◆ ACTIVITY ◆
Could you restate word for word each line from the top of the listing below through the line containing "Александр Лукашенко 1"? Keep the pictures out.

****************************************

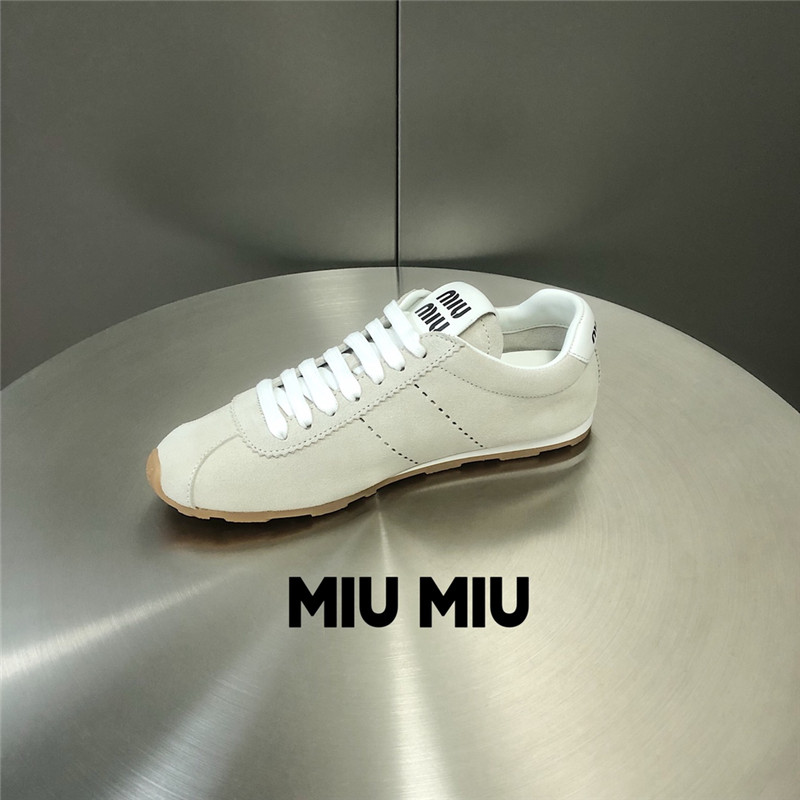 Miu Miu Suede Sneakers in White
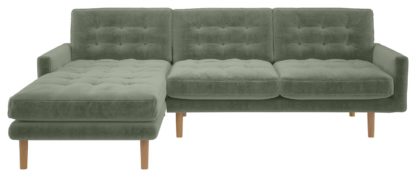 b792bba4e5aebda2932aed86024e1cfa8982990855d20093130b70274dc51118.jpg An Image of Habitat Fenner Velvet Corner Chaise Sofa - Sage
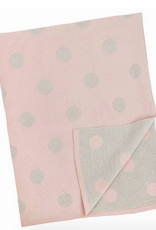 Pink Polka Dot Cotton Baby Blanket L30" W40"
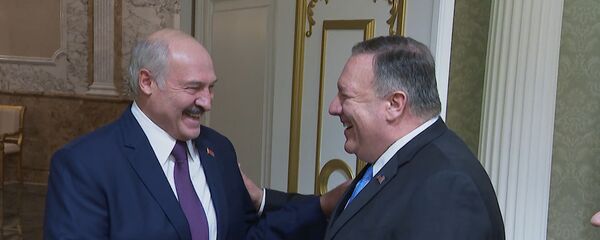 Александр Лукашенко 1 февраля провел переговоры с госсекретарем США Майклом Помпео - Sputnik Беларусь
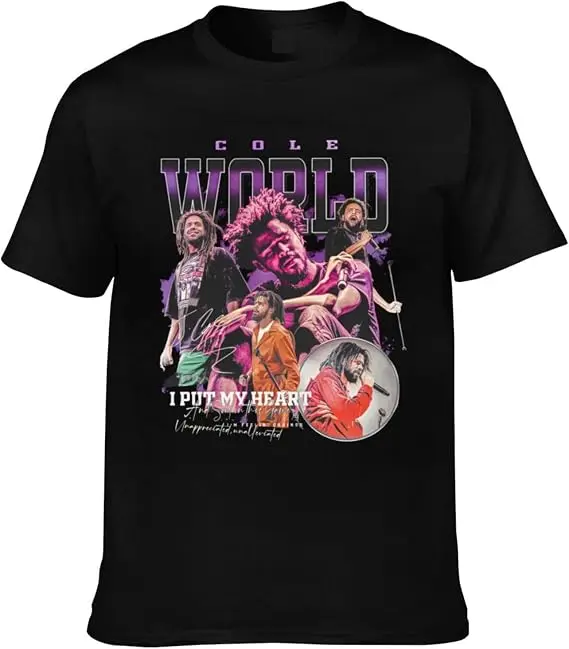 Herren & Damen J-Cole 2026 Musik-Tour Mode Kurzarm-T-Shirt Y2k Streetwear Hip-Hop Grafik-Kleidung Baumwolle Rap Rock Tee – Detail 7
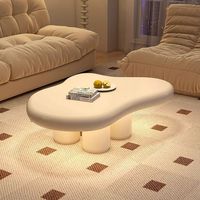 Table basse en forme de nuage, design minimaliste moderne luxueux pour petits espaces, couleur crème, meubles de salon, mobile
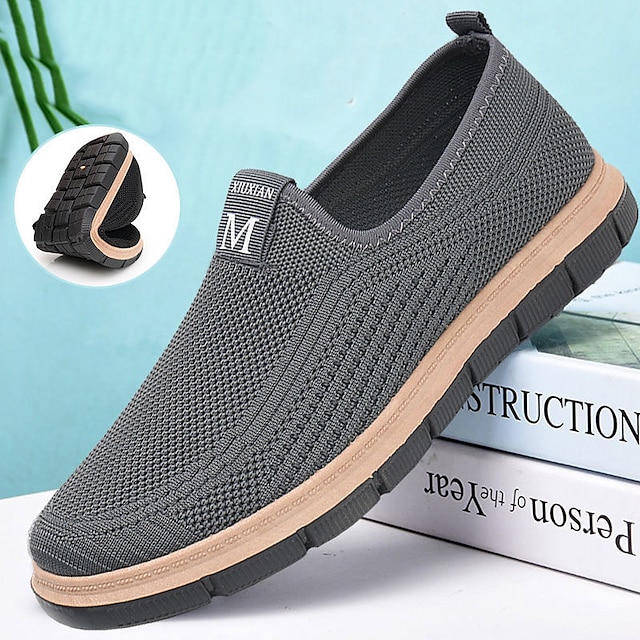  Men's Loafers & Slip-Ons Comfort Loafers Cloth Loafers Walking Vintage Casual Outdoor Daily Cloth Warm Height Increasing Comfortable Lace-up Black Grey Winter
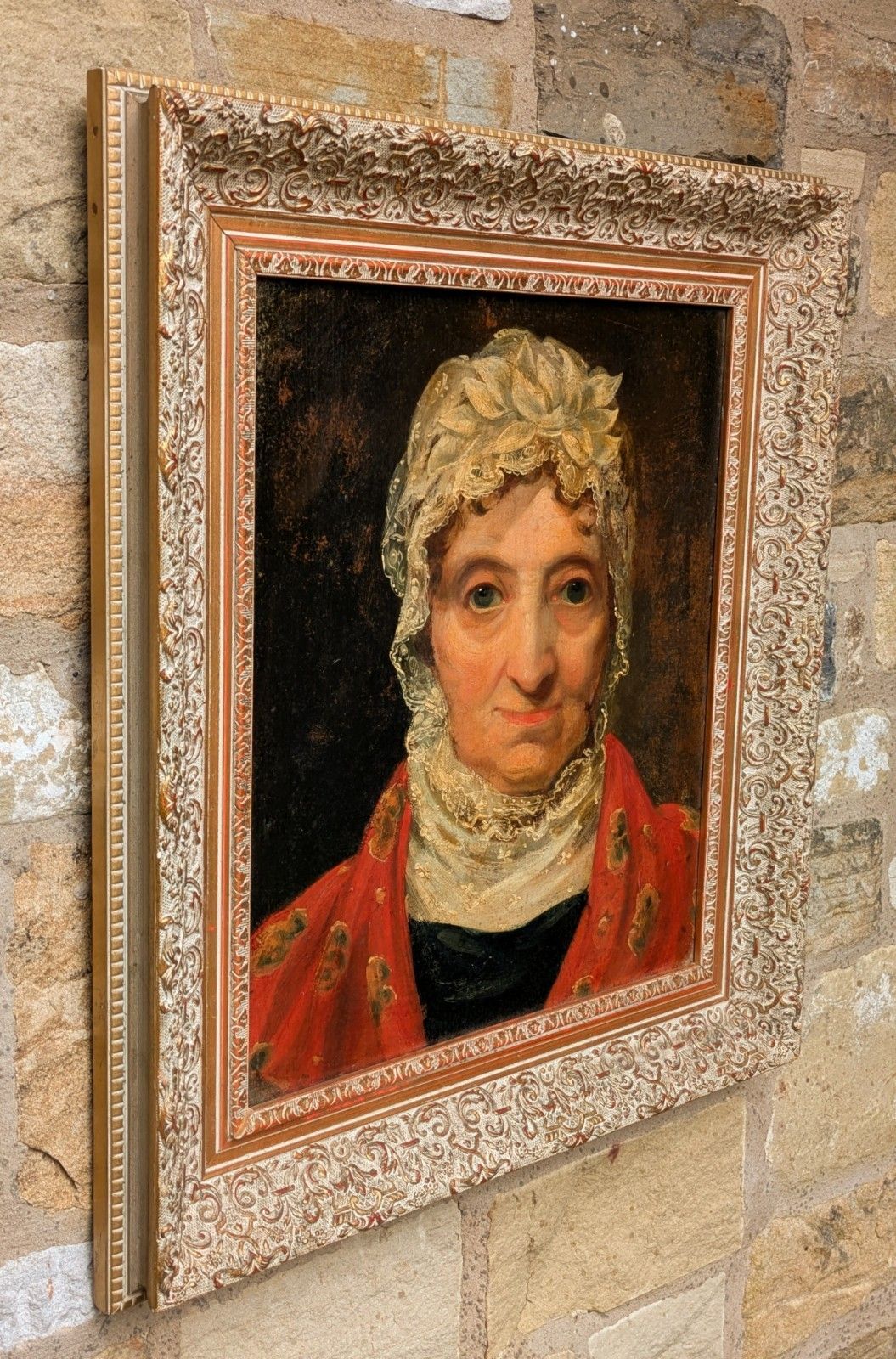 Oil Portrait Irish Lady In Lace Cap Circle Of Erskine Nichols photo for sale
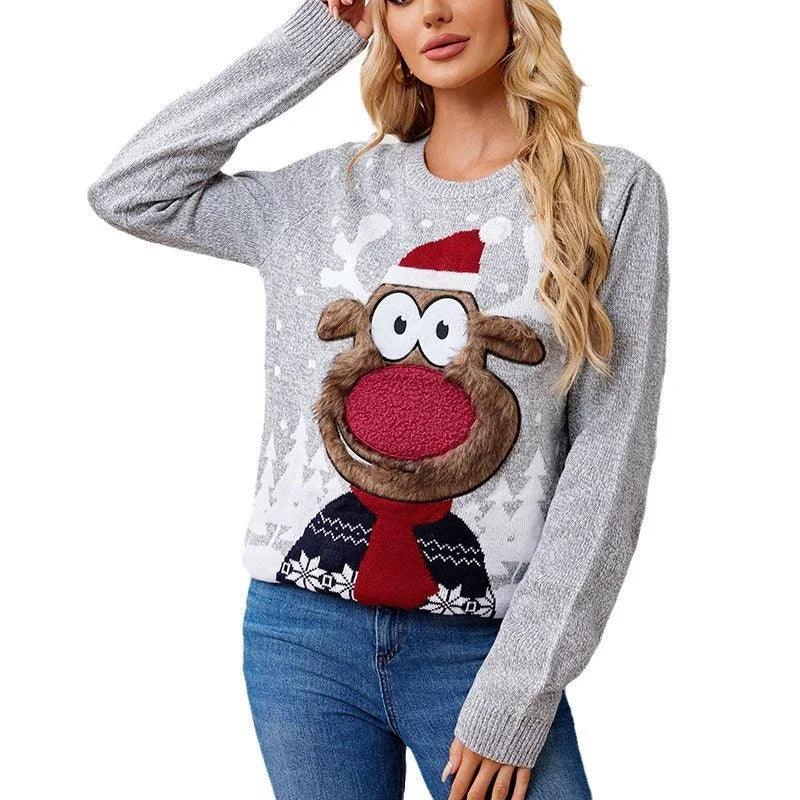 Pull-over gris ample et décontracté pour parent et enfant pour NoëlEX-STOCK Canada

****************************************

◆ RESULT OF THIS TASK ◆
 Miu Miu Suede Sneakers in White
 b792bba4e5aebda2932aed86024e1cfa8982990855d20093130b70274dc51118.jpg An Image of Habitat Fenner Velvet Corner Chaise Sofa - Sage
 Pink Polka Dot Cotton Baby Blanket L30" W40"
 Александр Лукашенко 1 февраля провел переговоры с госсекретарем США Майклом Помпео - Sputnik Беларусь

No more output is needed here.